- **Exercise goal**
Return the lines of the data below starting at the one holding "vidaXL Plantenbak met" and ending at the one holding "Women's Patent T-Bar", word for word, leaving every picture out.

------ Information provided ------

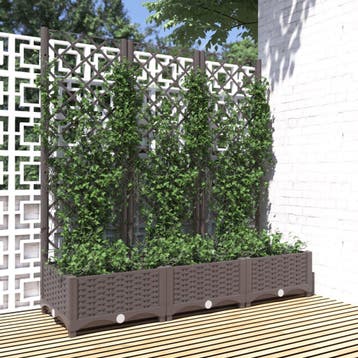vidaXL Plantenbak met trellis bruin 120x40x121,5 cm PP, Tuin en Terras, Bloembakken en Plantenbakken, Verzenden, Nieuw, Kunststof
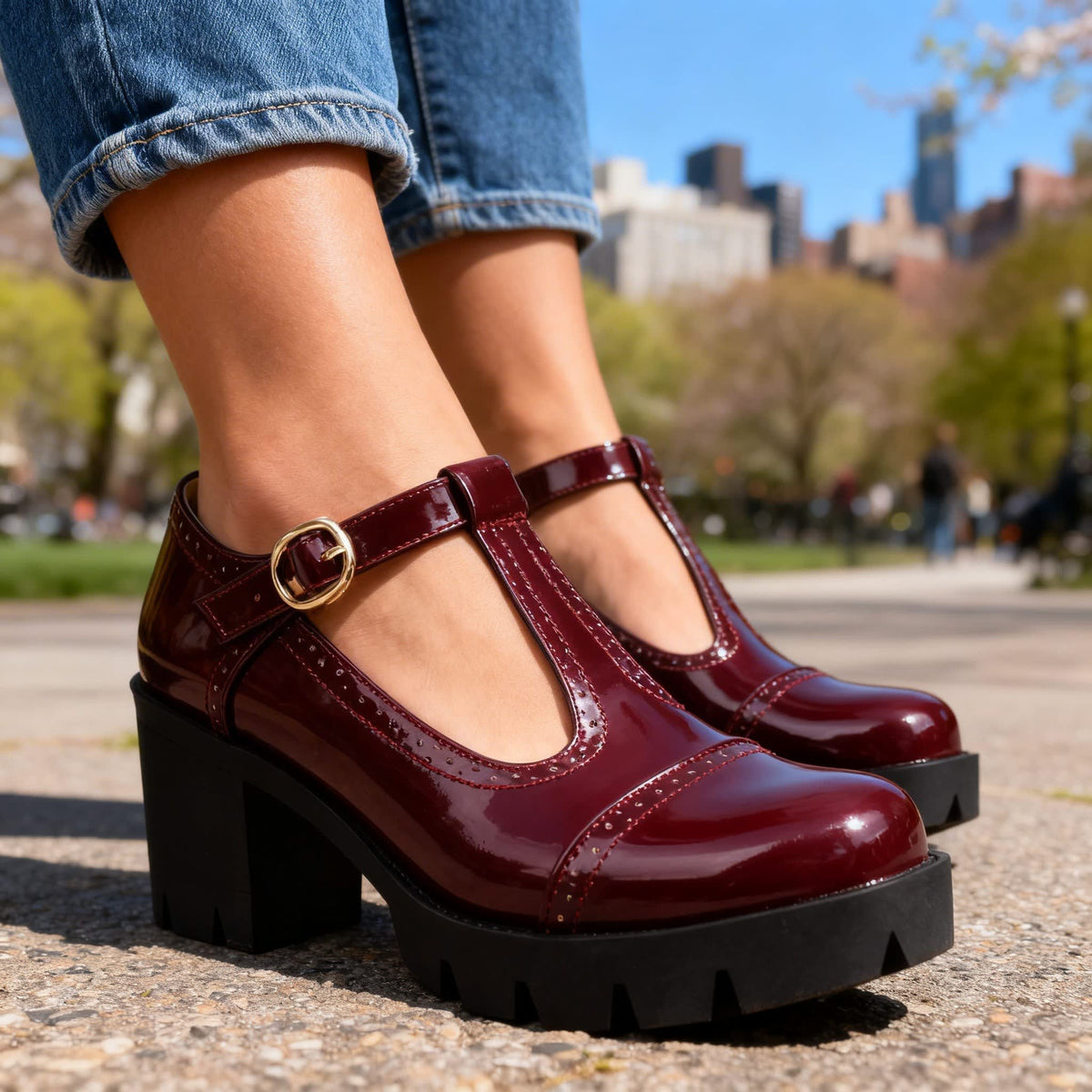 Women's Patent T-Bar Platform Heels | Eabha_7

------
------ Information provided ------

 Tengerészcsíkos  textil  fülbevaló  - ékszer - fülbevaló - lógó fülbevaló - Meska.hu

------

- **Answer space**
vidaXL Plantenbak met trellis bruin 120x40x121,5 cm PP, Tuin en Terras, Bloembakken en Plantenbakken, Verzenden, Nieuw, Kunststof
 Women's Patent T-Bar Platform Heels | Eabha_7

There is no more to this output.